PROVIDED RECORDS:
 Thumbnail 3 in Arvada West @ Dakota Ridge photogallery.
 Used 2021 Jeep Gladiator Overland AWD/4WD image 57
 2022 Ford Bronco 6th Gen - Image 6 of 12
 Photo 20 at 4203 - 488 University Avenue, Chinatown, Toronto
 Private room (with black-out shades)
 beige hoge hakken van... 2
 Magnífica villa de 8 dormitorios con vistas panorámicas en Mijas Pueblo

--

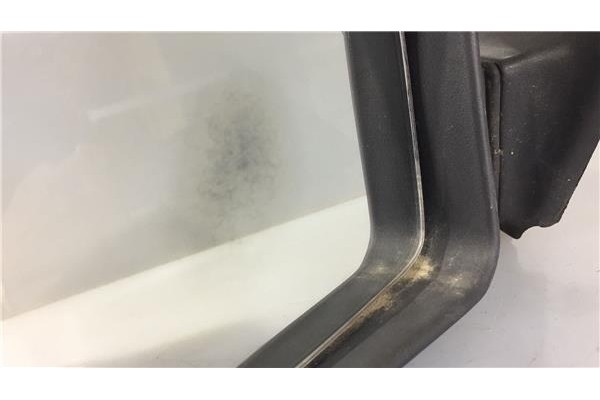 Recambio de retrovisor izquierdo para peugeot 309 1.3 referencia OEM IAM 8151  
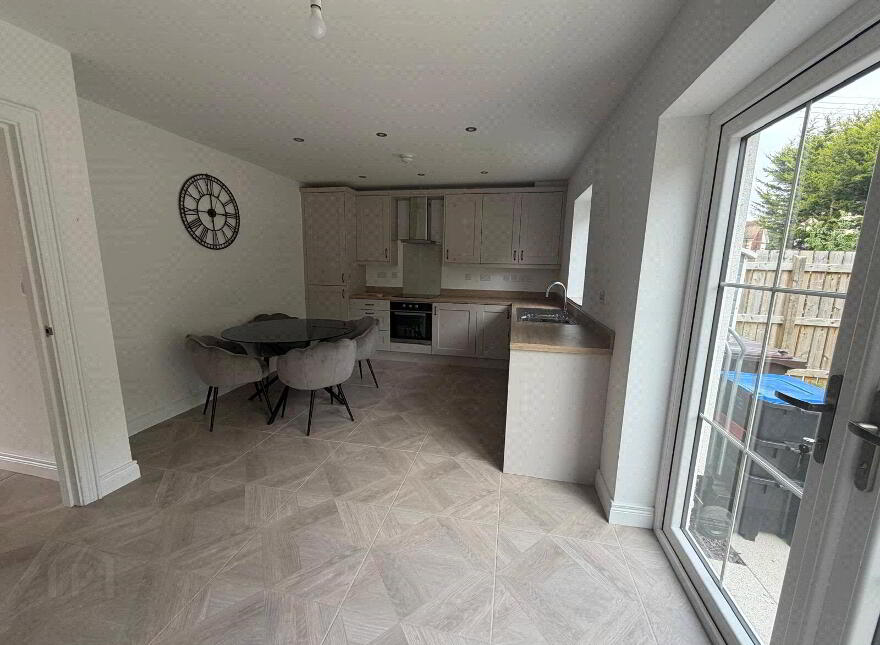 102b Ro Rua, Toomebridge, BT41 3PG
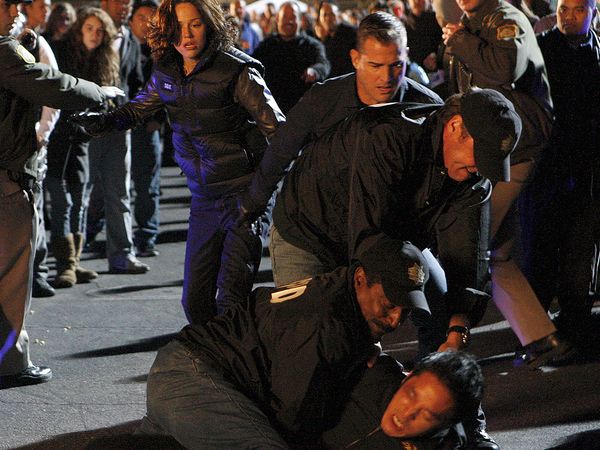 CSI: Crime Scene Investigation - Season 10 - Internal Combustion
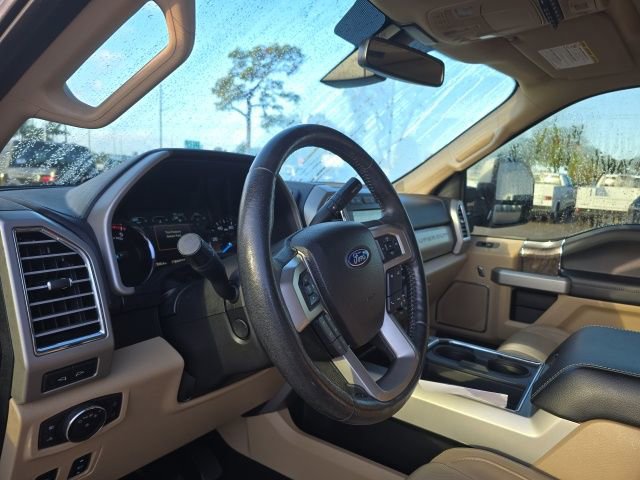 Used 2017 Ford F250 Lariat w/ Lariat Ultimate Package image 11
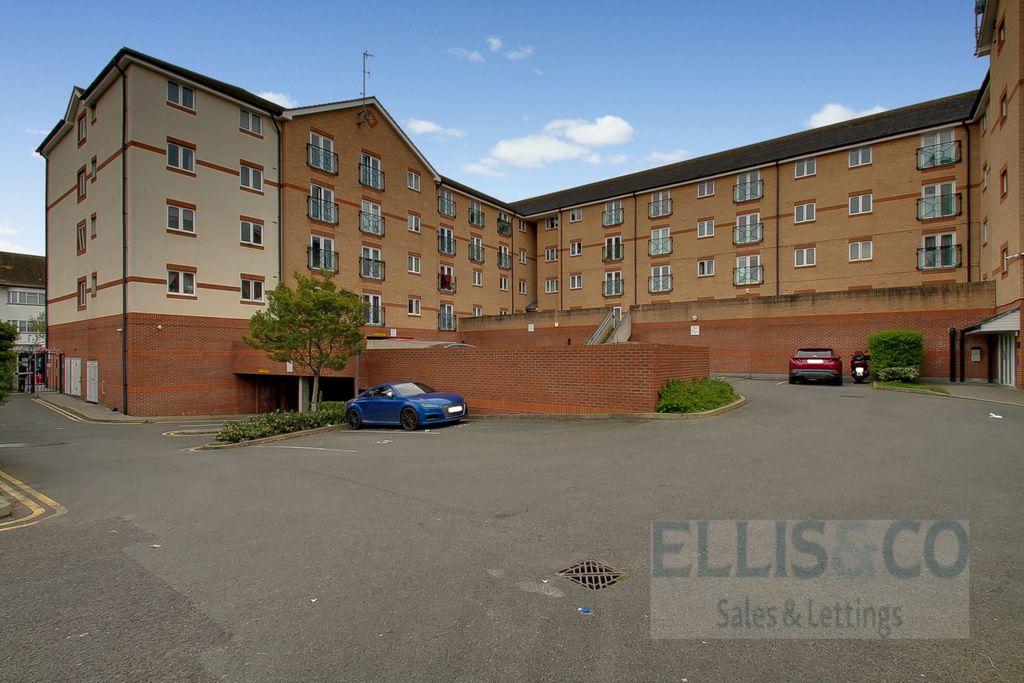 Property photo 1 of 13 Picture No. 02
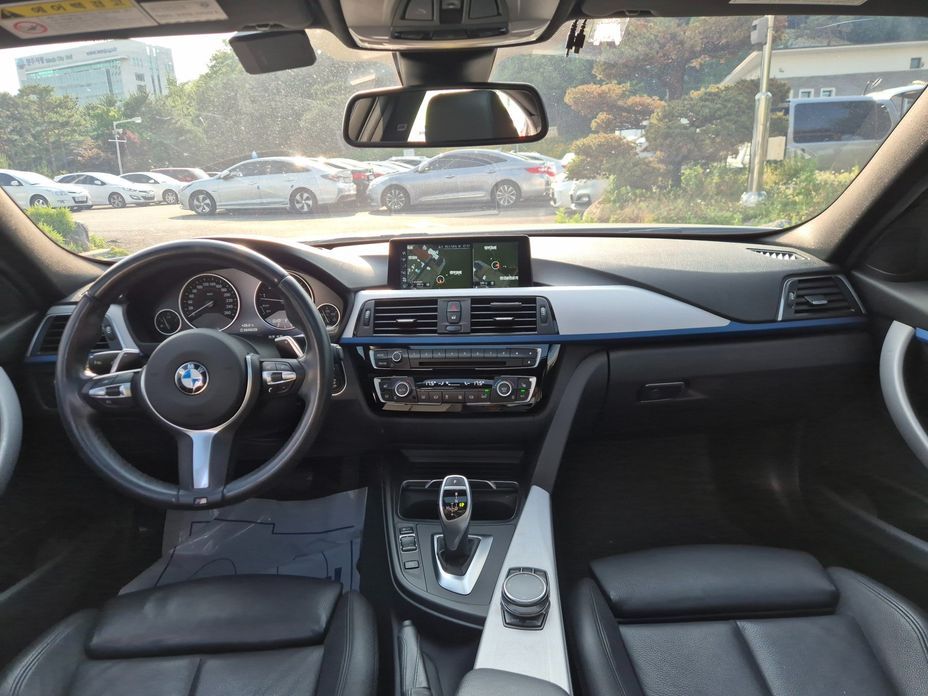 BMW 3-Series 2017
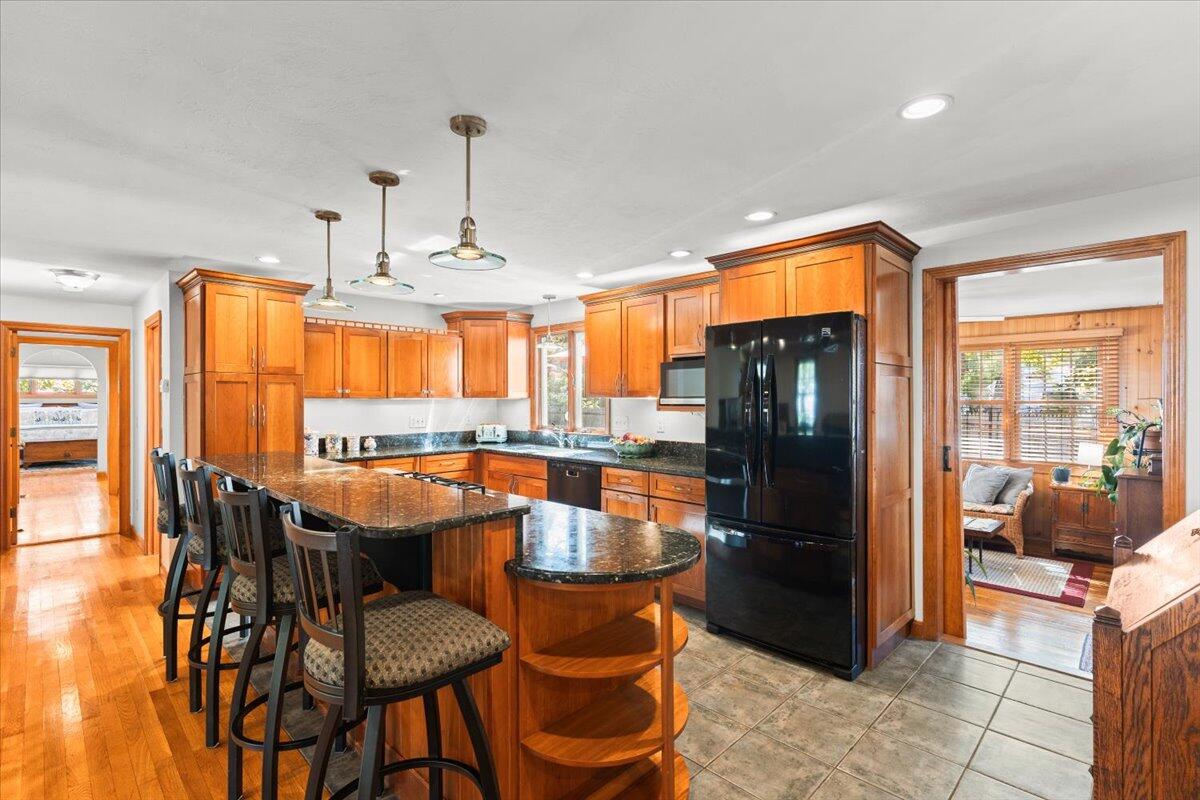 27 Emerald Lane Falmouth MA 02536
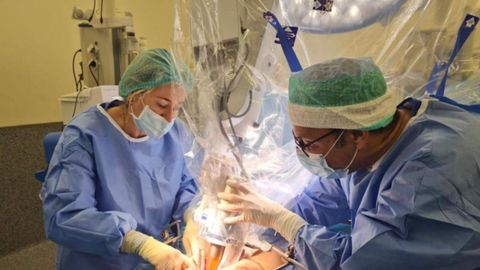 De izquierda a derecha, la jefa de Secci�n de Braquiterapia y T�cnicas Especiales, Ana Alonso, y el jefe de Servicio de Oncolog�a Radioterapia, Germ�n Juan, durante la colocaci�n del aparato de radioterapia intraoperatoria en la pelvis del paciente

TASK BRIEF:
Your task is to copy only the lines above starting at the one containing "Recambio de retrovisor" and ending at the one containing "De izquierda a". Copy them exactly, both ends included, and omit the pictures.

ANSWER SPACE:
 Recambio de retrovisor izquierdo para peugeot 309 1.3 referencia OEM IAM 8151  
 102b Ro Rua, Toomebridge, BT41 3PG
 CSI: Crime Scene Investigation - Season 10 - Internal Combustion
 Used 2017 Ford F250 Lariat w/ Lariat Ultimate Package image 11
 Property photo 1 of 13 Picture No. 02
 BMW 3-Series 2017
 27 Emerald Lane Falmouth MA 02536
 De izquierda a derecha, la jefa de Secci�n de Braquiterapia y T�cnicas Especiales, Ana Alonso, y el jefe de Servicio de Oncolog�a Radioterapia, Germ�n Juan, durante la colocaci�n del aparato de radioterapia intraoperatoria en la pelvis del paciente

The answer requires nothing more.